» **INPUT FOR THIS TASK**:
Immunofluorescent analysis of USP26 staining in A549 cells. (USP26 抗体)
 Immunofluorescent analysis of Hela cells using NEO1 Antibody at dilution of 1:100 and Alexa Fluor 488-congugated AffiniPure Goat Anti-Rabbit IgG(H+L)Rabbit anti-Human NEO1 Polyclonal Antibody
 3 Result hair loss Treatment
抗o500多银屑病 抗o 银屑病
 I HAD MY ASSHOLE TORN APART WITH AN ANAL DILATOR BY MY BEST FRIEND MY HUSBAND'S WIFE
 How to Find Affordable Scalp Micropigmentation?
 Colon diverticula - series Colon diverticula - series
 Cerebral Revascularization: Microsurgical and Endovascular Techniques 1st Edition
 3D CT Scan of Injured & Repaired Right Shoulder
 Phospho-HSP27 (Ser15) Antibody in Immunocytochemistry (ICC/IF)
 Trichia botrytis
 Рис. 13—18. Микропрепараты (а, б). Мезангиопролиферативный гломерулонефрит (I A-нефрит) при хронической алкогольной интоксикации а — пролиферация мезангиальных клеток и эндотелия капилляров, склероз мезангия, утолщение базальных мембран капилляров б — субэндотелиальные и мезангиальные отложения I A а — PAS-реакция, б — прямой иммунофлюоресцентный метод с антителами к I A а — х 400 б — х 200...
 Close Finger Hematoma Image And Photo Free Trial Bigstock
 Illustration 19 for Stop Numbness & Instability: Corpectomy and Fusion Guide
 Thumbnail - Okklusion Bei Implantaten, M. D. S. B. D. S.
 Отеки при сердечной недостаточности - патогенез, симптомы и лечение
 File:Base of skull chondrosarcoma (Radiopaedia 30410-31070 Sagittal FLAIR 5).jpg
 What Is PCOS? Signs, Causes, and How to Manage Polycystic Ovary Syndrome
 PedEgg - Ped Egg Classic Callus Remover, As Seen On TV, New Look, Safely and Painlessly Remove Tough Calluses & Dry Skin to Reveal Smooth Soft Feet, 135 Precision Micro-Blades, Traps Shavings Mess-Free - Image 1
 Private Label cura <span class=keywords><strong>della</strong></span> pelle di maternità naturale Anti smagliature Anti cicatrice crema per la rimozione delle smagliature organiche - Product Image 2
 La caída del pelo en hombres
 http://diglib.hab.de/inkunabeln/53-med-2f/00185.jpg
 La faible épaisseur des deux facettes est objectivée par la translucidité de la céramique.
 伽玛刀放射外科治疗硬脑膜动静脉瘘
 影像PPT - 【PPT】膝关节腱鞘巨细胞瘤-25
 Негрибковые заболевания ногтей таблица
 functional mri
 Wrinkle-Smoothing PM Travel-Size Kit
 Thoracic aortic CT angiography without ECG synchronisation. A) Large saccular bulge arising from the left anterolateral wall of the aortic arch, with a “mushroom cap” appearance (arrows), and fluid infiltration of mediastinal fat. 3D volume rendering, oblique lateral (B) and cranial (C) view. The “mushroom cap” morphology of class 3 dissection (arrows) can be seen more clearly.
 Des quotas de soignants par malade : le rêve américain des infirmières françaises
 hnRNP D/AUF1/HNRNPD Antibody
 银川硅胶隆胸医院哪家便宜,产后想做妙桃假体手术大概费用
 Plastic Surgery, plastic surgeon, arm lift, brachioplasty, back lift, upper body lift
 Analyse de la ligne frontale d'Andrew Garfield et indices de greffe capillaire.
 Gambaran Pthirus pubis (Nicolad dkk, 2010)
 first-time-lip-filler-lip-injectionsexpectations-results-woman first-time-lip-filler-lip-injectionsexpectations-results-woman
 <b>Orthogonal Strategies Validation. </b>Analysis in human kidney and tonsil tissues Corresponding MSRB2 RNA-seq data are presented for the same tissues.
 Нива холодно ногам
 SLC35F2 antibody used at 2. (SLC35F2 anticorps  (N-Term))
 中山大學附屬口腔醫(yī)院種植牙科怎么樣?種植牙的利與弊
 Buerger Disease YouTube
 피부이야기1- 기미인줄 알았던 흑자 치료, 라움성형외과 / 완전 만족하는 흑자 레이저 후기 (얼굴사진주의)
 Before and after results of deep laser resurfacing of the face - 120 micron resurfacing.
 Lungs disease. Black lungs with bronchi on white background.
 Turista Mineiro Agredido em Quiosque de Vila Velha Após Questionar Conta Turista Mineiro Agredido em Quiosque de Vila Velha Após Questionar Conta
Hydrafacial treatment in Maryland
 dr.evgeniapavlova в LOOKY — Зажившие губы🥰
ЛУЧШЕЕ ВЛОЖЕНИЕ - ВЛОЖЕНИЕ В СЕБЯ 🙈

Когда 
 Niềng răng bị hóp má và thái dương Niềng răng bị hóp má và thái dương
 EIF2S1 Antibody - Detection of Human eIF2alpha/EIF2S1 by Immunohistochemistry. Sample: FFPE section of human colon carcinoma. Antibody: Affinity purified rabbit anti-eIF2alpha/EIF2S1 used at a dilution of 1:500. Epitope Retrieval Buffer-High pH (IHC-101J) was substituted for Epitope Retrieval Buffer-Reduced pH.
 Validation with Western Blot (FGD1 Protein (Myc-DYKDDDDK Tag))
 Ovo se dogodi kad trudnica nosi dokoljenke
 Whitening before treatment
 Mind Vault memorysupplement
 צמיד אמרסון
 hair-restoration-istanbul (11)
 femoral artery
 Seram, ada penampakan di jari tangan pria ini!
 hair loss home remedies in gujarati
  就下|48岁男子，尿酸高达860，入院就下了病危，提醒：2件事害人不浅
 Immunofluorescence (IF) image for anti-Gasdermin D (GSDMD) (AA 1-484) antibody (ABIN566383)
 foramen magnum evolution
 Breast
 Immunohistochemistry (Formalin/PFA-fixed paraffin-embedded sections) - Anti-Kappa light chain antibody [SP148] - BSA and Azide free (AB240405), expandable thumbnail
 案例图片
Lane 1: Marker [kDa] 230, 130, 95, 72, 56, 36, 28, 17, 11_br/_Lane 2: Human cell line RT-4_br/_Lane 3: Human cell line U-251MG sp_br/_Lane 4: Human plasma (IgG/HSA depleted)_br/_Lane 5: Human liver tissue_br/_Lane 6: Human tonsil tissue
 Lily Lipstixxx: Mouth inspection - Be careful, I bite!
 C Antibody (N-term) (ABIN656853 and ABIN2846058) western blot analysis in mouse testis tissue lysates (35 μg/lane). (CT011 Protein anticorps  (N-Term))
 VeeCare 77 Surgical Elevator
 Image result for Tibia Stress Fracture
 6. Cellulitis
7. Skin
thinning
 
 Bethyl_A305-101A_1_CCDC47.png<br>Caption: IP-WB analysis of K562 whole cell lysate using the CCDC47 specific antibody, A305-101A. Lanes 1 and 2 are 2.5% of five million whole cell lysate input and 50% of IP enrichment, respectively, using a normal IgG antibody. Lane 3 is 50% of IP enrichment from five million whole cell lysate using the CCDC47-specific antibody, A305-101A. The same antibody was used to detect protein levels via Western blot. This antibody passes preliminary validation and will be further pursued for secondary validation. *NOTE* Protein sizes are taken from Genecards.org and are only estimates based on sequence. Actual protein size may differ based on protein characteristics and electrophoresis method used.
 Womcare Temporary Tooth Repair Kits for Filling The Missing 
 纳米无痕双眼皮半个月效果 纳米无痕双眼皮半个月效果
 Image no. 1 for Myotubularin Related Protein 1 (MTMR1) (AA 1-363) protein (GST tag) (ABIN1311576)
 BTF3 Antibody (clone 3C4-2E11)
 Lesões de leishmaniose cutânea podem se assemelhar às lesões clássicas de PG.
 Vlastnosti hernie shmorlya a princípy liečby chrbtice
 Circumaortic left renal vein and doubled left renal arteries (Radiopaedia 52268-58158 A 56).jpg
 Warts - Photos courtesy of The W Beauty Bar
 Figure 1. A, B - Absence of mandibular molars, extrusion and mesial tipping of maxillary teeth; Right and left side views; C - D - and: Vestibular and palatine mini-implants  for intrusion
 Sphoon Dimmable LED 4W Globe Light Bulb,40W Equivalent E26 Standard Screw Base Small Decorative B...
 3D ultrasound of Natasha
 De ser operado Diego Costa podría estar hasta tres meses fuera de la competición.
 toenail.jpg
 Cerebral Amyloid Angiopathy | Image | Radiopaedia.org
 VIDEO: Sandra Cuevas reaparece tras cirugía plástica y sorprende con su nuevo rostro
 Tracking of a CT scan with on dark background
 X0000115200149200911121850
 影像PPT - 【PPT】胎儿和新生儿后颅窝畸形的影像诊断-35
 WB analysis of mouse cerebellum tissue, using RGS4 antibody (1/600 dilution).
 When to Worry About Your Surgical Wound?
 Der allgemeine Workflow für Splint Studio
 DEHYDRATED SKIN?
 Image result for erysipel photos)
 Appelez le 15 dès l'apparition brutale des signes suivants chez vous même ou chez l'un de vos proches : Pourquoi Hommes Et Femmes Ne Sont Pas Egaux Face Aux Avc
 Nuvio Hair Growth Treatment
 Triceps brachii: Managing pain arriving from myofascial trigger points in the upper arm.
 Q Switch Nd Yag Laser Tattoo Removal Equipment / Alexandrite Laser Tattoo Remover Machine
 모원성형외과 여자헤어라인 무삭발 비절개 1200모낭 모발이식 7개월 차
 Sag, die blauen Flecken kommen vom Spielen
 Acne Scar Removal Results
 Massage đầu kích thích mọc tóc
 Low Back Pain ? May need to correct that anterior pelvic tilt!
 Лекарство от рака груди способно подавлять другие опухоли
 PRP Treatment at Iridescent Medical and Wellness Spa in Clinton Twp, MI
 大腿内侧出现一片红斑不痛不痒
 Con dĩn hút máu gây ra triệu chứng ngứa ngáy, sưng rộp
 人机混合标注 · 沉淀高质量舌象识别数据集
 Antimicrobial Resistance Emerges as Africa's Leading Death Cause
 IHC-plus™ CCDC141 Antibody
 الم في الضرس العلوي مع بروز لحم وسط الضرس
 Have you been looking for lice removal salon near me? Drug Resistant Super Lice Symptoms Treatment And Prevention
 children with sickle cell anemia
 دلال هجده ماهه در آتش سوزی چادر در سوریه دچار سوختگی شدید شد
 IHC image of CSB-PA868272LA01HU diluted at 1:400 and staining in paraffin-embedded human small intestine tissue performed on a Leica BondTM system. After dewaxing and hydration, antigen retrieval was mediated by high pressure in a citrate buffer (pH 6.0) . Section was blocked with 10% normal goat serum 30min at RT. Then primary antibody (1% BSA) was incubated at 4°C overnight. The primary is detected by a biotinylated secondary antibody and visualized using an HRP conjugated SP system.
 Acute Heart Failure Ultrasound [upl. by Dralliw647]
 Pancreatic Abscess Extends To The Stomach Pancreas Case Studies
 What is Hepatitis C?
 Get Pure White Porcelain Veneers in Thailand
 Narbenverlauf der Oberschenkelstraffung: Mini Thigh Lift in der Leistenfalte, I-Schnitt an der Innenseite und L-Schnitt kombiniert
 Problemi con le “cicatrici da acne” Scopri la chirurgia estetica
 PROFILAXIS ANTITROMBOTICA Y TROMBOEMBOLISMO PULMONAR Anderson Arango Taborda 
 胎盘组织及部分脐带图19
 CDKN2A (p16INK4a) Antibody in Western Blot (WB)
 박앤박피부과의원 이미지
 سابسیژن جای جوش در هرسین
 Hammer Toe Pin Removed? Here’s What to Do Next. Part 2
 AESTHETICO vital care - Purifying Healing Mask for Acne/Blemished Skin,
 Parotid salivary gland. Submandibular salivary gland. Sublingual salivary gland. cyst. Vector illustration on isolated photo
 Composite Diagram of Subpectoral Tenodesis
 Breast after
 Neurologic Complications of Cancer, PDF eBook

» **EXERCISE DIRECTIONS**:
Say how many lines of the data hold the word "anticorps", and leave out everything but the number.

» **RESULT**:
2